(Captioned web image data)
------------------------------------------------------------------------

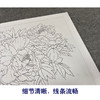 【有步骤、大彩图】郑玲玲工笔画白描底稿《福贵有鲤》牡丹鲤鱼初学者临摹花鸟线稿ZL46 商品缩略图4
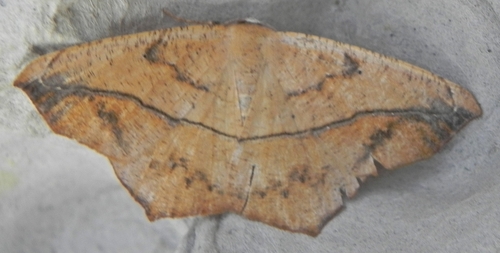 Large Maple Spanworm Moth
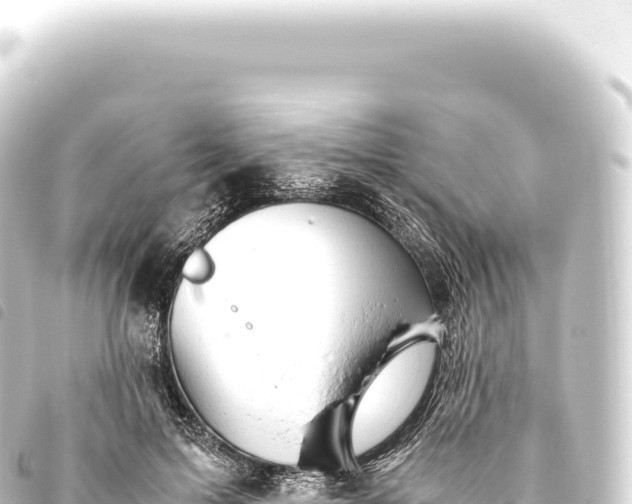 X0000093770599200710301207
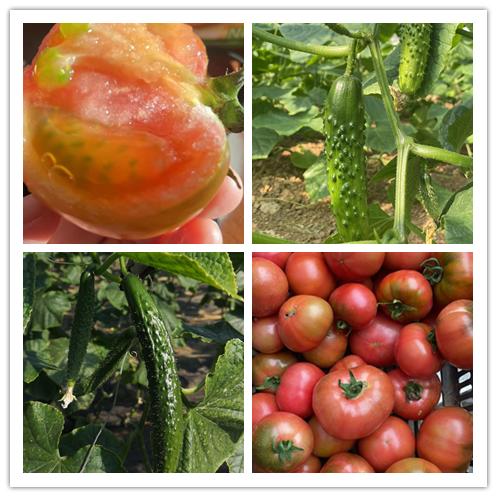 鸿翠园 有机蔬菜套餐 商品图0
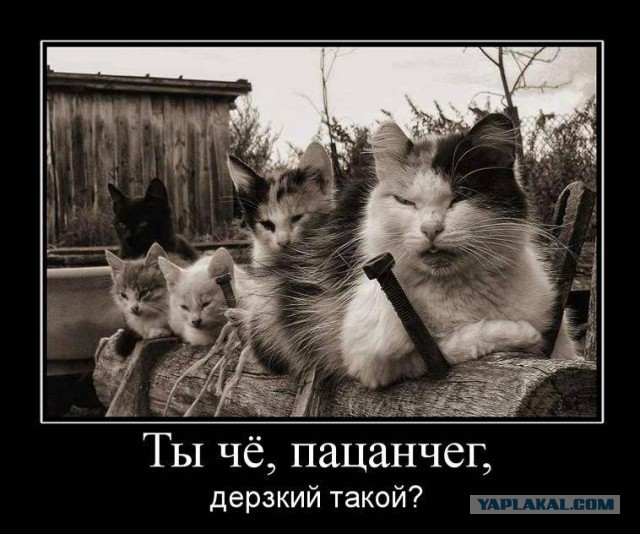 Тема для юмора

------------------------------------------------------------------------

#### Task description:
Print all records verbatim, excluding pictures.

#### Answer for the task:
 【有步骤、大彩图】郑玲玲工笔画白描底稿《福贵有鲤》牡丹鲤鱼初学者临摹花鸟线稿ZL46 商品缩略图4
 Large Maple Spanworm Moth
 X0000093770599200710301207
 鸿翠园 有机蔬菜套餐 商品图0
 Тема для юмора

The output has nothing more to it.